Here's what I think the circuit is doing:
- From what understood is that the circuit has VIN (voltage from DC plug) and VBUS (voltage from USB).
- The SY6280 is a current sensing chip to protect the USB from spikes from DC plug.
My question is, how does the BCM856BS (PNP/PNP matched double transistors) with the AO3415A MOSFET switch (I'm assuming it's for switching) between the two power supplies?
That whole circuitry with the PNPs and the PMOS work as a diode.
The PNPs in your circuit work like this input stage to a Raspberry Pi:
The circuit inside the box is what you have for PNPs and the PMOS. That is called an "ideal diode" circuit. Essentially it will allow current flow from the input to the VIN node in your circuit, but will protect from current going in the other direction. The advantage of this circuit is that the voltage drop across the "ideal diode" much lower than if you were to use a silicon diode and even an Schottky.
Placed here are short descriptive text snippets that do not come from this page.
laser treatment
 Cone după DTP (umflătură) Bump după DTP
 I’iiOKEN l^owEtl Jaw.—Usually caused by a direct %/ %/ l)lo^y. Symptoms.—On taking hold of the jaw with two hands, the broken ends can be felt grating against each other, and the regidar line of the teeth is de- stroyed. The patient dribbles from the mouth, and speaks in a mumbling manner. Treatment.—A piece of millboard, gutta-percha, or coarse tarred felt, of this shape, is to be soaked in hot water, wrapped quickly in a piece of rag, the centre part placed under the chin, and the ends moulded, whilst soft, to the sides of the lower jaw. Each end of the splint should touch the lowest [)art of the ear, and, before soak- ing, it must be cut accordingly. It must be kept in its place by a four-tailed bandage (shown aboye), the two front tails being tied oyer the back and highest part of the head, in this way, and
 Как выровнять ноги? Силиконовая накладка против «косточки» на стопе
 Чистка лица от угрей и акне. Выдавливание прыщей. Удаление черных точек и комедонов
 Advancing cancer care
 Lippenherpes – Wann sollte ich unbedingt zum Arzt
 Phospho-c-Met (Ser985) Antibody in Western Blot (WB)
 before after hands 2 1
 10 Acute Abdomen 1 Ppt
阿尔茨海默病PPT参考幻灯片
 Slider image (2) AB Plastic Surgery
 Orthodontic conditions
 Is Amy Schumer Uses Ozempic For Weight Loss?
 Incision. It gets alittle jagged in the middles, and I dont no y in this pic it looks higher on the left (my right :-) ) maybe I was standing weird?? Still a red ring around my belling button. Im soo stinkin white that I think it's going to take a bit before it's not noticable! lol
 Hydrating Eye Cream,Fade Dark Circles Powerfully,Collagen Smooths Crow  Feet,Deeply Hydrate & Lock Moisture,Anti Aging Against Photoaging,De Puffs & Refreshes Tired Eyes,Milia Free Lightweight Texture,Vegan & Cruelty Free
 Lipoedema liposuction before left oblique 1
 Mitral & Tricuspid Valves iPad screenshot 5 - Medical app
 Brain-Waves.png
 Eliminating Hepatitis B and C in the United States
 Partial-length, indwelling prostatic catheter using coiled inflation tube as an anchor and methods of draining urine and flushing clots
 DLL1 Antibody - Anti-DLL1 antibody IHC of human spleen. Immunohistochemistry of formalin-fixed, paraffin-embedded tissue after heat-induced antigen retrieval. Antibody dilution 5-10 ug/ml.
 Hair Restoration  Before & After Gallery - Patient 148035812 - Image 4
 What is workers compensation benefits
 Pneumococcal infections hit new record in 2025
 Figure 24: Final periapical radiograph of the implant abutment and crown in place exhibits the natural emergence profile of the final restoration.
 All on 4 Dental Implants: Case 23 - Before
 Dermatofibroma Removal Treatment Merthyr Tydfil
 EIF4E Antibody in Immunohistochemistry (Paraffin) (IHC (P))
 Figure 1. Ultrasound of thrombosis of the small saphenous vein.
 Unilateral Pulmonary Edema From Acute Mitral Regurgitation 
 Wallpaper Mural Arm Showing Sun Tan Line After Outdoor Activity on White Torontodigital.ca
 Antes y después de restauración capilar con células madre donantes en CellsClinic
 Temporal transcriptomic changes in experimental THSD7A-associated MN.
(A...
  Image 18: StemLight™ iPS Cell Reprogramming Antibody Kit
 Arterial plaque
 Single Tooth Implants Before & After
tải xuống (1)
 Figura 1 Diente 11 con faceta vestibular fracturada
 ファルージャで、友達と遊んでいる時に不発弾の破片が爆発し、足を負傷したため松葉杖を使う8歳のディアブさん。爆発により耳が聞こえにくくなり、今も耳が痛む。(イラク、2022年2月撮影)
You can read the link I referenced for more in-depth explanation of how the circuit works. But in a nutshell, when the voltage on the left side of the circuit is greater than what's on the right, the PMOS will initially conduct through its body diode, but soon after it'll fully turn on because the PNP on the output node side will be cut off, thus the PMOS gate gets pulled down to ground through the resistor, while the source is at ~VIN minus the diode drop. Once it turns, the current flows through the RDS(on) of the PMOS.
If the voltage on the right is greater than the one of the left of the circuit, the body diode is reverse biased, so no current (except for leakage) can flow through that. Also, the PNP on the right side of the circuit turns on, keeping the PMOS gate and source relatively at the same potential, and therefore off.